** Opening MATERIAL PROVIDED block **
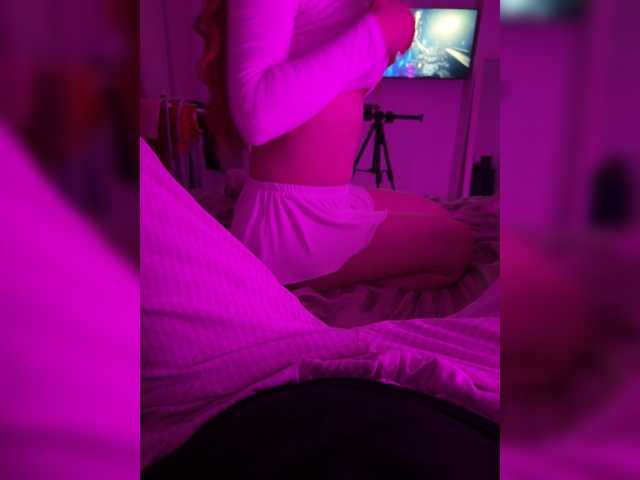 GinVstonic live cam on BongaCams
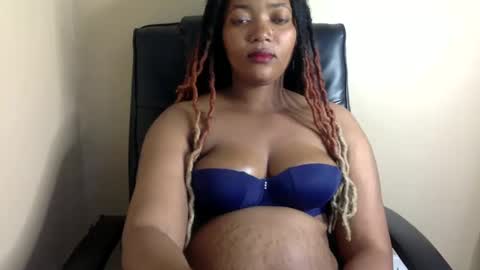 Snapshot of queenbebony2 chatting on December 11, 8:26 am Queenbebony2 online show from December 11, 8:26 am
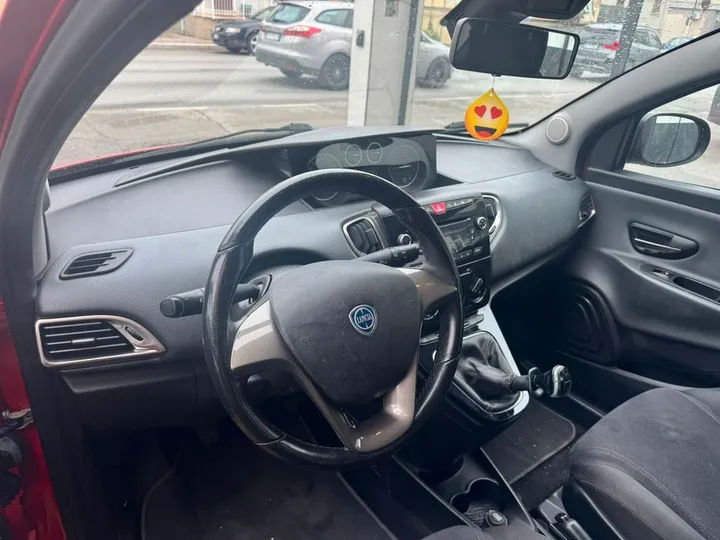 Lancia Ypsilon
** Closing MATERIAL PROVIDED block **
Repeat the listing verbatim, pictures excluded.

 GinVstonic live cam on BongaCams
 Snapshot of queenbebony2 chatting on December 11, 8:26 am Queenbebony2 online show from December 11, 8:26 am
 Lancia Ypsilon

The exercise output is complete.